**Exercise prompt:** The output should be every line below, retyped exactly, with no images.

**Supplied material:**
══════════
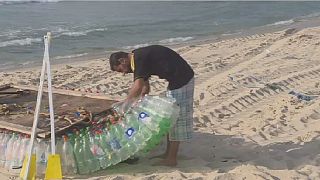 Palestinian fisherman makes environmentally-friendly boats from plastics
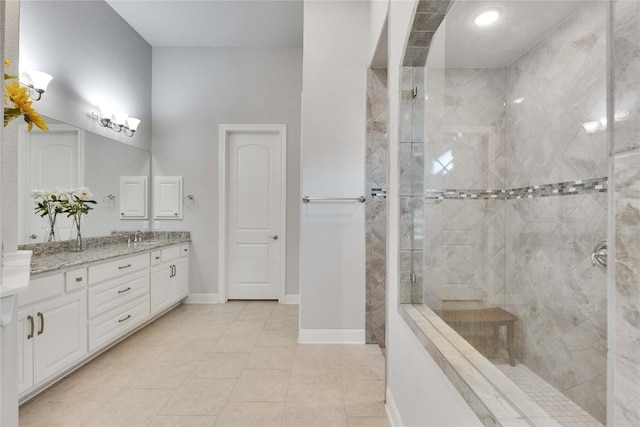 2817 Mossy Springs Dr, Leander, TX 78641 - bathroom with vanity, a tile shower, and tile patterned floors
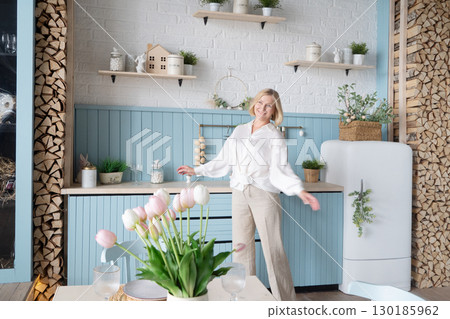 Healthy Lifestyle A Woman Delightfully Enjoying her life a Modern and Stylish Kitchen Space 130185962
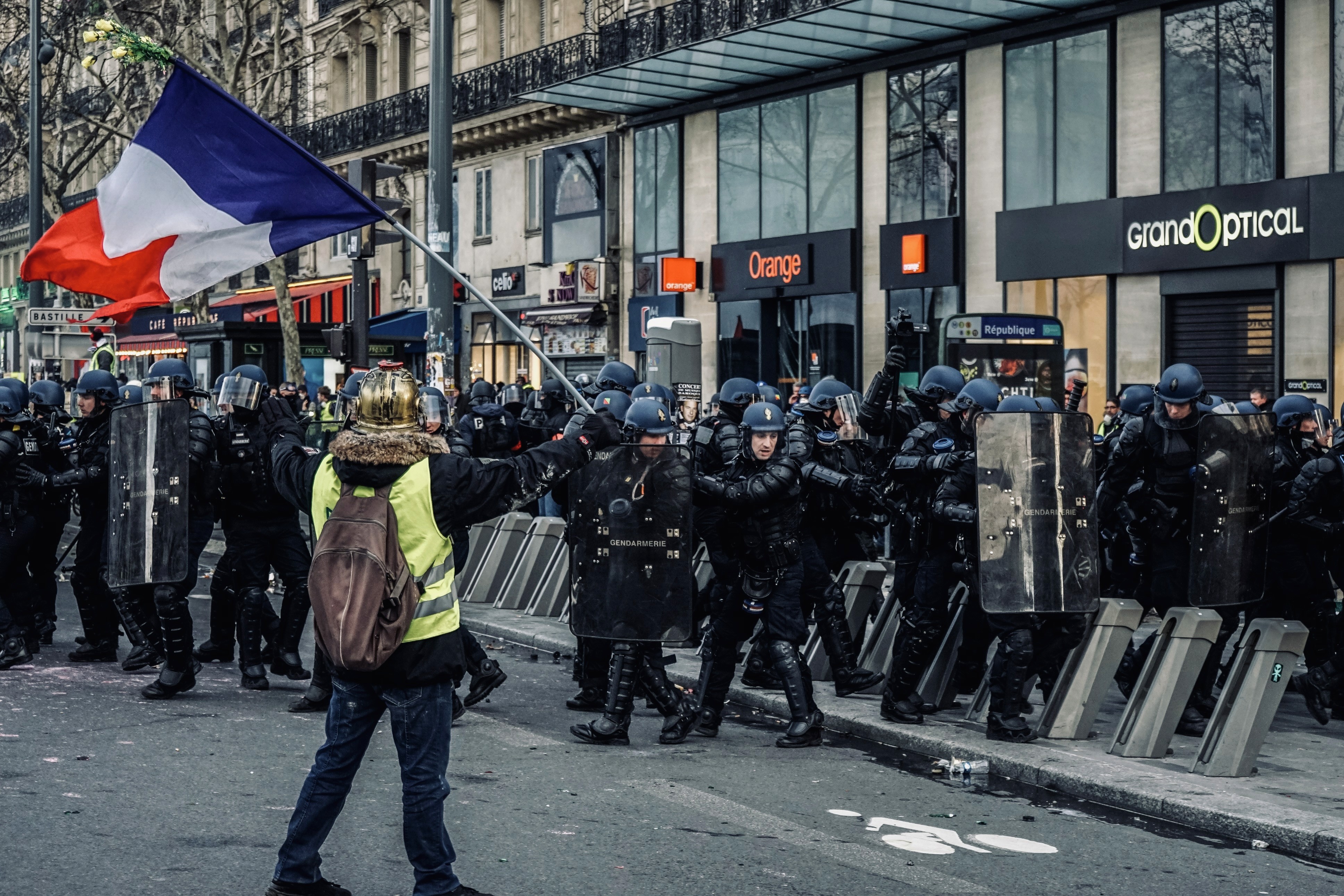 Manifestant portant un drapeau français face à une ligne de gendarmes à Paris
══════════
**Solution to this problem:**
 Palestinian fisherman makes environmentally-friendly boats from plastics
 2817 Mossy Springs Dr, Leander, TX 78641 - bathroom with vanity, a tile shower, and tile patterned floors
 Healthy Lifestyle A Woman Delightfully Enjoying her life a Modern and Stylish Kitchen Space 130185962
 Manifestant portant un drapeau français face à une ligne de gendarmes à Paris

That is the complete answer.